Well, it looks fantastic if it's any consolation. Plus if it tasted good, at least it didn't go to waste! I love its redness!

Theresa said...

I have no agar tips... but I've been relatively unhappy with the block uncheeses that I've tried. The sauces and spreads are so good, though! Yesterday I made mac&cheese with the "melty chedda cheez" variation of melty white cheez... so rich and creamy and yum!

Ricki said...

Like pretty much everyone here, I've found agar to be very fussy and imprecise.

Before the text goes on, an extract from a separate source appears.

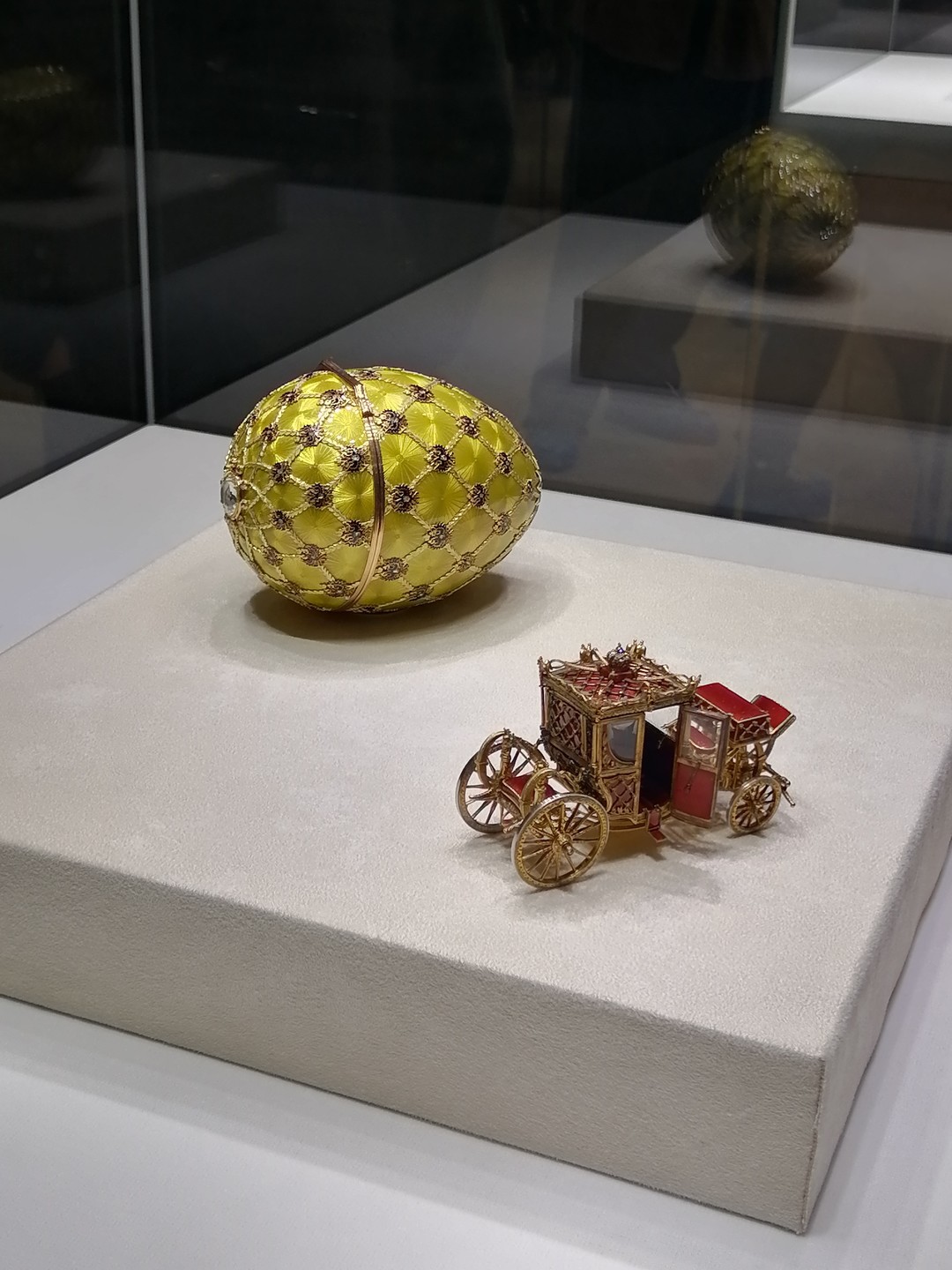 Ари - прекрасный экскурсовод. Время пролетело незаметно. Мы очень много новой, интересной информации узнали, ведь это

The only solid uncheese I've tried from the book is the Swiss cheese and it came out great (and I love swell vegan's idea of white wine!)

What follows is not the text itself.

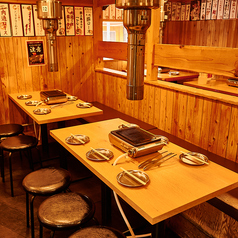 【宴会席~14名様】最大14名様までご利用可能な宴会席をご用意しています。焼肉を楽しみながら、友人や同僚との特別な時間をお過ごしください。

Lisa (Show Me Vegan) said...

i haven't tried cooking with agar yet, but I'm glad you posted this so people could share their experiences with it!

Miss Marie said...

I wish I had tips but I'm sure this is better than what I would have come up with. HaHA.

Bex said...

yes, agar can be a godsend and a pain all at the same time. I haven't worked with it much but each time I do it comes out a little better. 10 minutes should have been enough to dissolve it Stick with it. Kitchen experiments can be fun and at least it tastes good.

miss v said...

i also suck at agar. my first attempt with it turned into something so solid i could have paved my driveway with it. but at least yours was still edible! :)

Susan G said...

I think I have read that 1 tsp. powder = 1 Tblsp. flakes. But I have not tried it myself, so I can't vouch.

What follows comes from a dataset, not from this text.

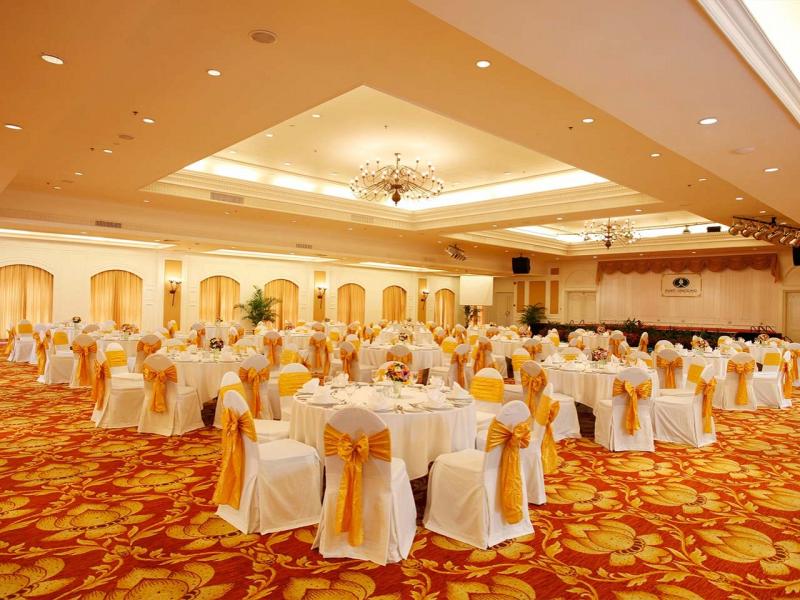 Phuket Graceland Resort & Spa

ChocolateCoveredVegan said...

I love agar, but I've only used it in pudding recipes. But taste is most important :o)

Celine said...

I'm with Susan G. 1 t powder for 1 T of flakes, and it's always worked fine.

Joanna said...

oh geez. i give you credit for even attempting this recipe!!! i've never made my own cheese before. i've actually never even eaten it either!!! i wouldn't know how it's supposed to taste haha

Urban Vegan said...

It looks good, even though you say it was a failure. Go to my blog--I just did an agar post--and there's a link to my Agar Basics post.

And remember, an apple will never taste like an orange. Vegan cheese s different than regular cheese, and you have to enjoy it for what it is...how Zen, right?

zerbert said...

I've made these cheeses several times and I use 1 1/2 tablespoons of agar powder (the amount it recommends in the book) and it works fine. One time mine came out spreadable. It was because it wasn't blended enough. I find that if I blend all the other ingredients well (especially the cashews) BEFORE I put in the agar liquid, it blends better and tends to come out smoother. I love the way these cheeses taste on crackers!

funwithyourfood said...

Agar is just hard for me too... for me, it's a partice makes perfect thing. also i use powdered agar b/c it's suppose to form better than flakes... those are the only tips I have

Teddy

kittee said...

you just followed bad advise is all! you need 1/3 the amount of powder as flakes..

so if a recipe calls for 1 tablespoon of flakes, use 1 teaspoon of powder (1 tablespoon equals three teaspoons).

xo
kittee

/////HELL/O said...

oh my god, i just used agar in a dessert recipe with very sad results!! i'm not sure WHAT went wrong. it was the rhubarb tart in "vegan desserts" which tastes amazing but never set up.... maybe i'll just try more agar?